Southgate is transparently decent, a man of integrity, and through some tempestuous times for our country he represented a brand of Englishness which is tolerant, patriotic, comfortable with diversity, collectivist, quietly proud, liberal; an identity which found itself pushed to the side in the post-Brexit years but has recently reasserted itself across southern England to throw the Conservatives out of seat after seat. He understood that being England manager was more than just tactics, and he represented us admirably.
Southgate created an environment in which the players thrived; an England call-up was no longer a thing to dread but to look forward to. For a few years there, the England shirt seemed a lot less heavy, and instead we all had a good time of it – a lightness to the national team after years of dark. The joyously unexpected run to the World Cup semi-final in 2018; a first tournament final for 55 years in 2021; wins against Spain, Italy, Germany. Southgate has give us some wonderful moments, he allowed us to dream of a trophy for the first time in years. I’d never seen England reach a final, not in three decades. His England made two.
Euro 2024 felt different, like the tides of negativity were finally ready to sweep over England again, like the lights were going out. Southgate went into the tournament with one injured left-back and no idea of his best midfield. The team had no width and too many players converging on the same part of the pitch. There was no dynamism. Everything went sideways or backwards. The whole affair was much less meticulous preparation and much more building a team on the hoof, with the glorious exception of the perfect penalty shoot-out against the Swiss.
Yes, it often felt that Southgate set his England teams up with the handbrake on, that he sacrificed world-class attacking talent to make sure the side was solid and hard to break down. And that’s true. Perhaps his logic was that he had little time to weave players from different clubs into a cohesive system, and so bet the farm on a solid backline combined with moments of quality up front. Perhaps he realised that strikers win games but defences win tournaments. This approach predates Southgate in any case; every England manager since Kevin Keegan has essentially prioritised conservatism and caution. Maybe there is a reason for that, maybe it isn’t just managers being senselessly stubborn.

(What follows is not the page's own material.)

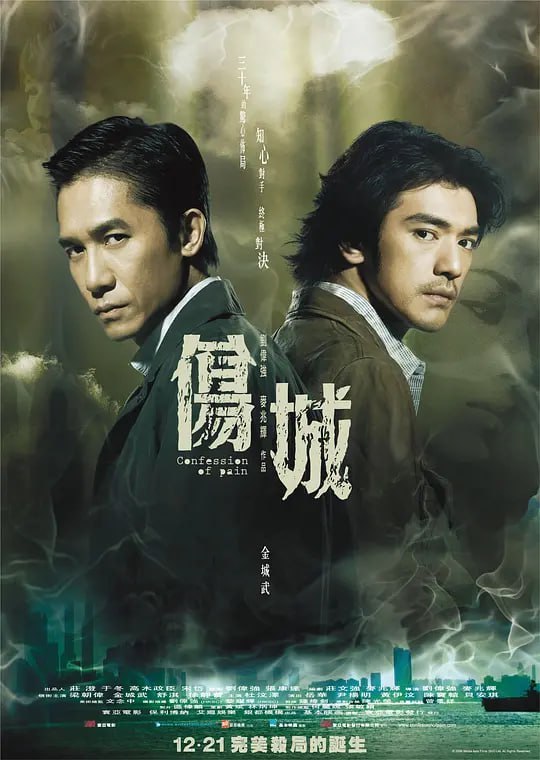 名称：伤城 (2006)描述：总督察刘正熙(梁朝伟饰)与妻子金淑珍(徐静蕾饰)过着甜蜜生活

Often it seems like England fans forget that there are other capable teams in the world who also want to win, and they seem to believe that if we could only play a more attacking system, trophies would fall into our lap as surely as summer follows spring. Sure, maybe the next England manager will win consecutive tournaments with thrilling, swashbuckling football, and we’ll all wish we made a change sooner, but I suspect more likely is that the people who have spent eight years complaining about Gareth Southgate will simply switch to whinging about the new boss. And I suppose that’s all very English too.
After a brief flicker of excitement when Marc Guehi’s header is cleared off the line, the game is over, the lights come back on in the pub. There are conversations about the balance of the midfield not being right, about how we’ve got the core of a decent team for the years to come, about how we could do well at the next tournament. These are the sorts of things I’ve heard said in the aftermath of every elimination for the last thirty years. While it is the hope that kills you, it is also the hope that sustains you. I know it was then, but it could be again.
We all file miserably out of the pub and off into the night. But we’ll be back for the World Cup in two years, drinking and shouting and singing, because hope in defiance of experience is what we do. It’s all terribly English, after all.